These ransomware attacks didn’t just cause the targeted systems to become unreachable but also constituted data breaches. Ransomware gangs engage in double-extortion tactics that involve the exfiltration of data from breached systems. The hackers then use this data to extort the victims, threatening to leak it publicly. When attacks on critical government agencies happen, the stolen files may contain secrets important to national security.

In summary, ransomware attacks are a national security risk because they can cause large-scale damage to the economy, disrupt services essential for national security and public safety, and steal national secrets.
The 2021 attacks forced the United States to classify ransomware attacks as national security threats, approving the funding of emergency measures to help tackle the problem and mitigate their effects when they happen.

The country also formed a “Ransomware Task Force” that released a report detailing the problem’s complexity and recommended 48 actions for the government to take to address it. Some of these recommendations involve treating ransomware as a national security issue and using the country’s intelligence resources and law enforcement agencies to combat it.

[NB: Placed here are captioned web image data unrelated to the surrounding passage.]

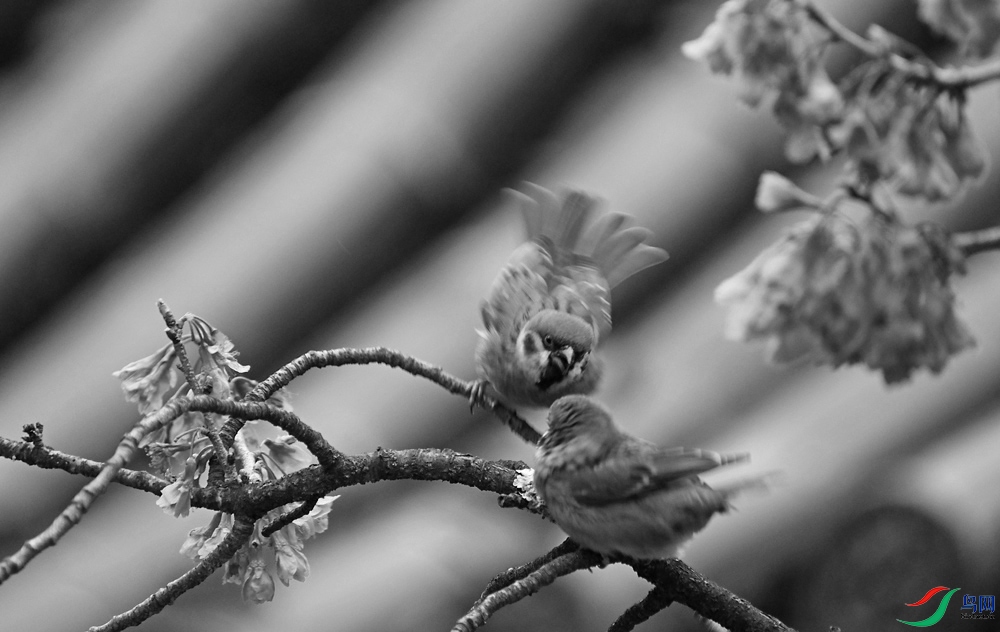 DSCF3215.1.jpg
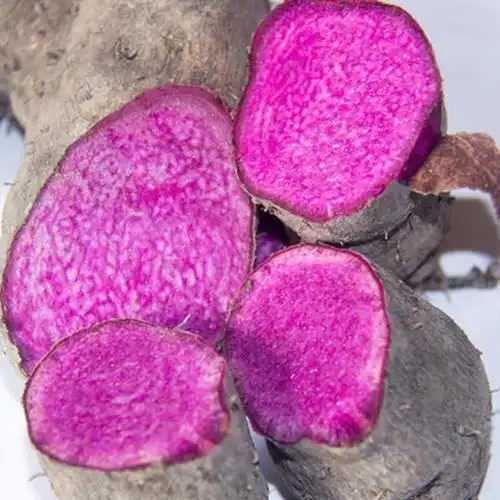 赛卡伊新鲜现挖紫山药大薯毛薯脚板薯当季紫玉淮山江西农家蔬菜5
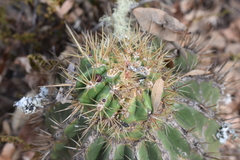 Ferocactus reppenhagenii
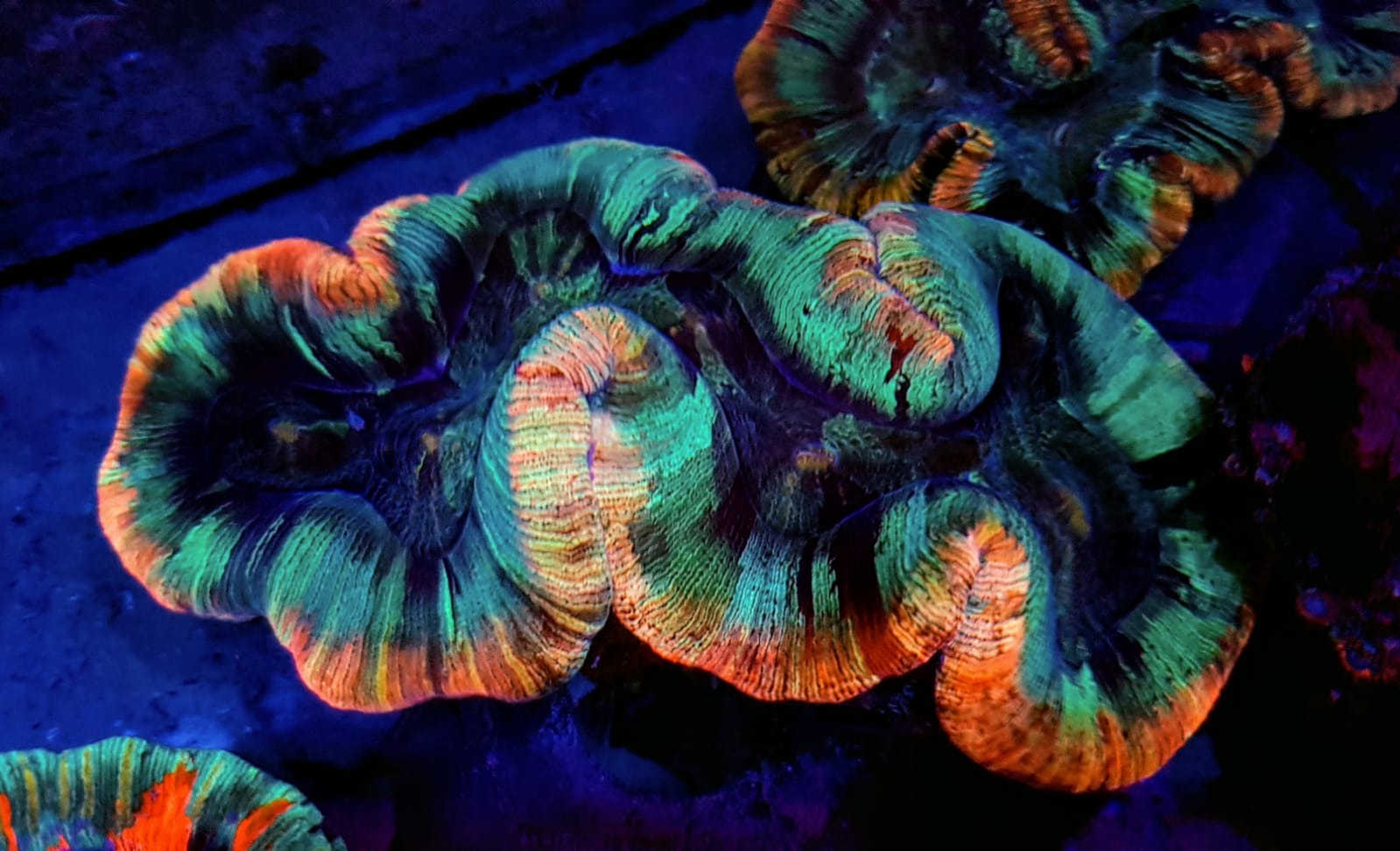 Trachyphyllia spp. (Rainbow)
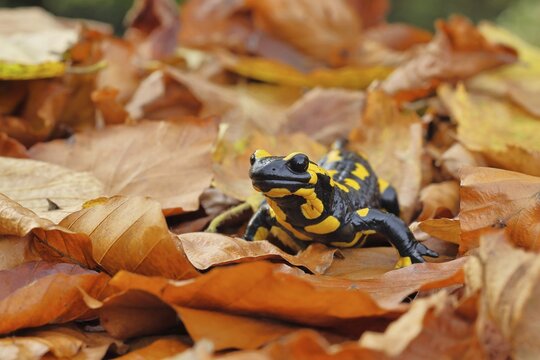 Fire salamander (Salamandra salamandra), in a beech forest on autumn leaves, autumn, Wilnsdorf, North Rhine-Westphalia, Germany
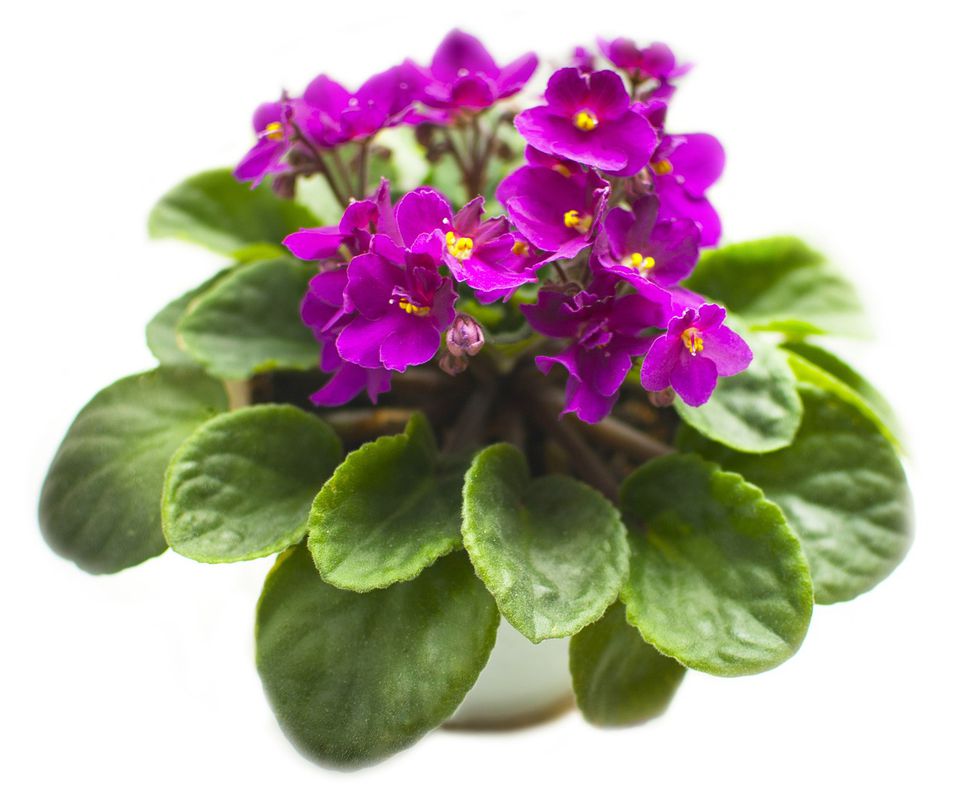Не потрібні великі горщики: 5 кімнатних квітів, які люблять тісноту. Домашні рослини, які прекрасно себе почувають в тісному горщику.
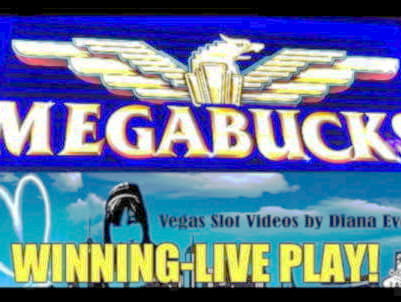 645% Match bonus at Hippozino Casino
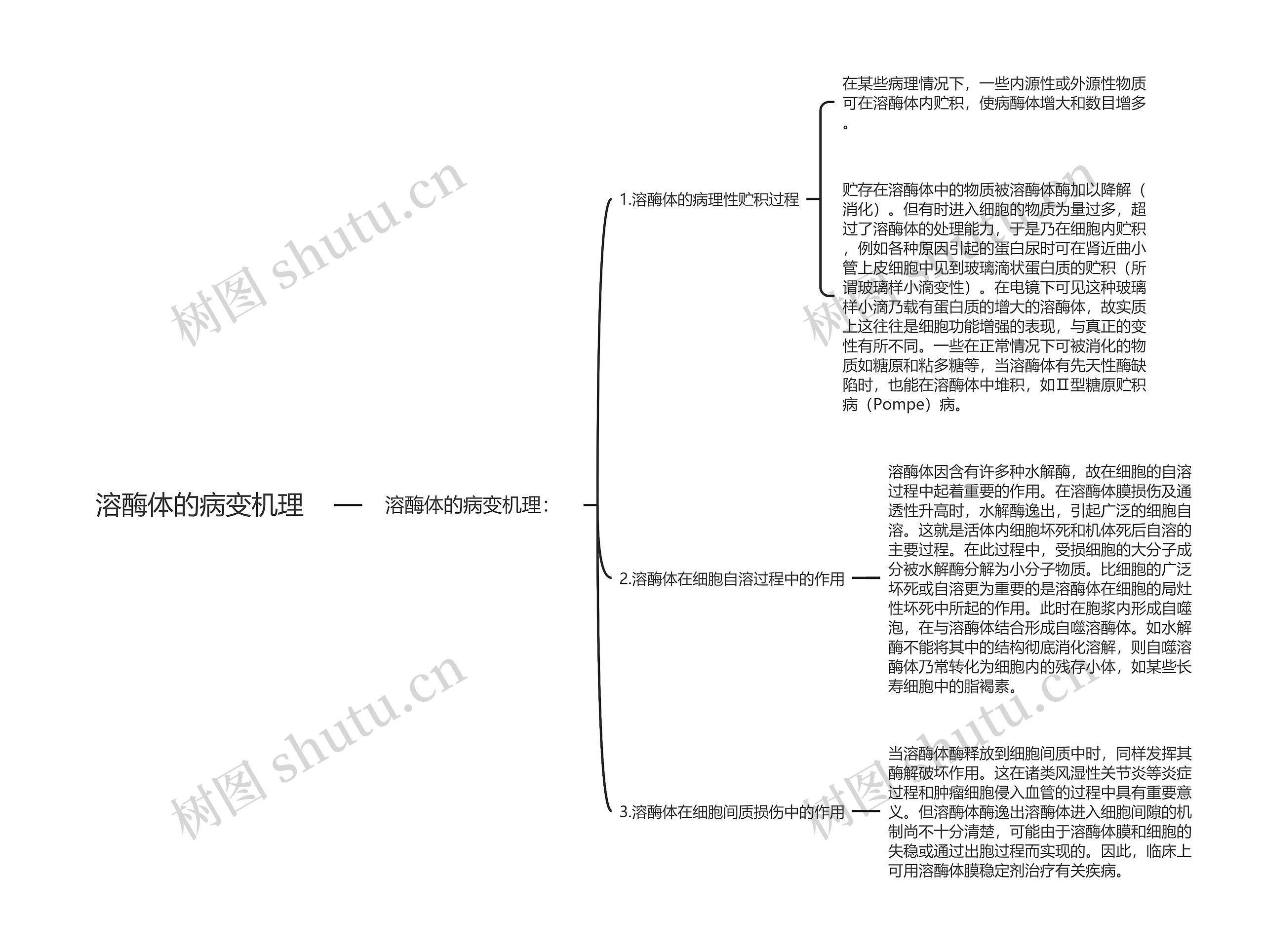 溶酶体的病变机理思维导图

The RTF report also recommended increasing the ability to seize assets, enforcing financial criminal laws, and developing policies to combat organized hacking to combat ransomware attacks effectively. Coordination among local, state, and federal law enforcement agencies is necessary to bring ransomware attackers to justice. The report suggests that arrest and asset seizure threats may deter potential ransomware attackers from targeting national treasures and infrastructure.